What is an embedded index?

An embedded index consists of a set of tags embedded into the document which can be used to generate the index (i.e., an alphabetical list of terms with page locators). Each embedded index code or tag includes information on the index heading and subheading(s), and its specific location within the text. Embedded entries allow text on the page to be reflowed to another page; the generated index’s page locators are updated as the text changes. Embedded indexes and hyperlinked indexes are not the same: an embedded index does not have to be hyperlinked, and a hyperlinked index is not necessarily embedded.

Embedded indexes pre-date hyperlinked indexes. Two well-known examples of software that includes embedded index tags are Microsoft Word and Adobe InDesign. The original rationale was as follows: 1) the index can be prepared earlier in the workflow before page numbers (folios) are final; 2) updated versions can utilize existing index codes or tags; 3) customized books can be created without having to re-index the contents (coded or tagged parts of one book—e.g., a chapter—can be combined with part of another book to allow a new index to be generated); and 4) books can be translated and the index codes or tags still target the right paragraph, even though the text itself in the new language may be longer or shorter than in the original.

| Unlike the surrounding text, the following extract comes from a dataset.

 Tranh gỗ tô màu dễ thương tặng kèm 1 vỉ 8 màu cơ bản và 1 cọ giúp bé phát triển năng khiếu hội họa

Embedded indexes have been around for several decades. Why aren’t they more prevalent?

There are several (at least potential) drawbacks to embedded indexes that have impeded their widespread adoption by the publishing industry:

1. Creating any useful index takes significant time and effort. Manually embedding index tags at specific locations on the page, in addition to writing the index, can easily double the time required to create the index (although the time can be shortened somewhat by using macros and specialized embedding tools that work with DTP software). Consequently, production costs are higher, while budgets often are not. Since the vast majority of nonfiction books are not revised and updated, the extra cost usually cannot be justified.

2. The tags must be error-free in order to generate the index. If any of the tags are inadvertently corrupted or deleted during the book production process, the index may not generate correctly. For example, if an index entry refers to a span of pages, there may be “begins here” and “ends here” tags. If an editor later removes a text section that contains the “ends here” tag, that index entry will be affected. The result can be an interrupted workflow and troubleshooting with its associated costs.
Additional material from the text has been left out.